US 11,775,757 B2
Automated machine-learning dataset preparation
Willie Robert Patten, Jr., Hurdle Mills, NC (US); Eugene Irving Kelton, Mechanicsburg, PA (US); Arvin Bhatnagar, Cary, NC (US); Jason Howard Cornpropst, Raleigh, NC (US); and Jacob McPherson, Franklinton, NC (US)
Assigned to International Business Machines Corporation, Armonk, NY (US)
Filed by International Business Machines Corporation, Armonk, NY (US)
Filed on May 4, 2020, as Appl. No. 16/865,621.
Prior Publication US 2021/0342640 A1, Nov. 4, 2021
Int. Cl.
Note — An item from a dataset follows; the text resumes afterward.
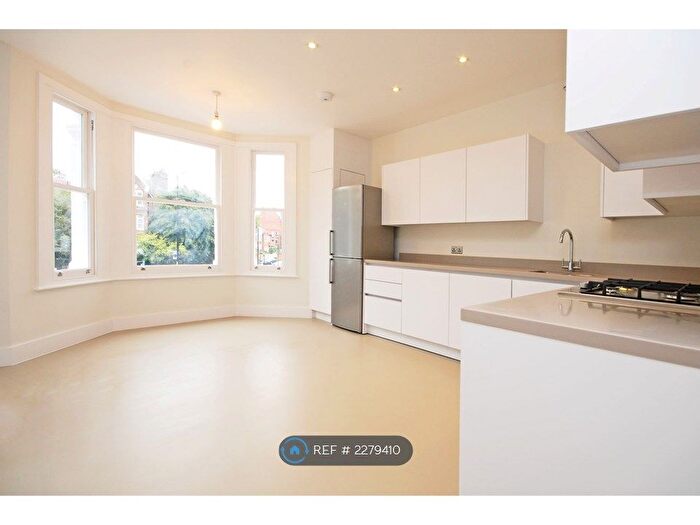 2 Bedroom Flat To Rent In Cavendish Road, London, SW12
G06F 40/279 (2020.01); G06N 20/00 (2019.01); G06F 40/205 (2020.01); G06F 16/901 (2019.01); G06F 18/214 (2023.01); G06F 18/21 (2023.01)
CPC G06F 40/279 (2020.01) [G06F 16/9024 (2019.01); G06F 18/2148 (2023.01); G06F 18/2193 (2023.01); G06F 40/205 (2020.01); G06N 20/00 (2019.01)] 20 Claims
OG exemplary drawing
 
1. A method of preparing a dataset for ingestion by a machine-learning model, the method comprising:
calculating a pattern relevance for a first field in the dataset;
modifying the first field based on the pattern relevance;
detecting a contextual cue in the first field;
retrieving contextual information for a value in the first field;
adding the contextual information to the dataset;
identifying a numerical scheme for the first field; and
parsing the first field into a number according to the numerical scheme.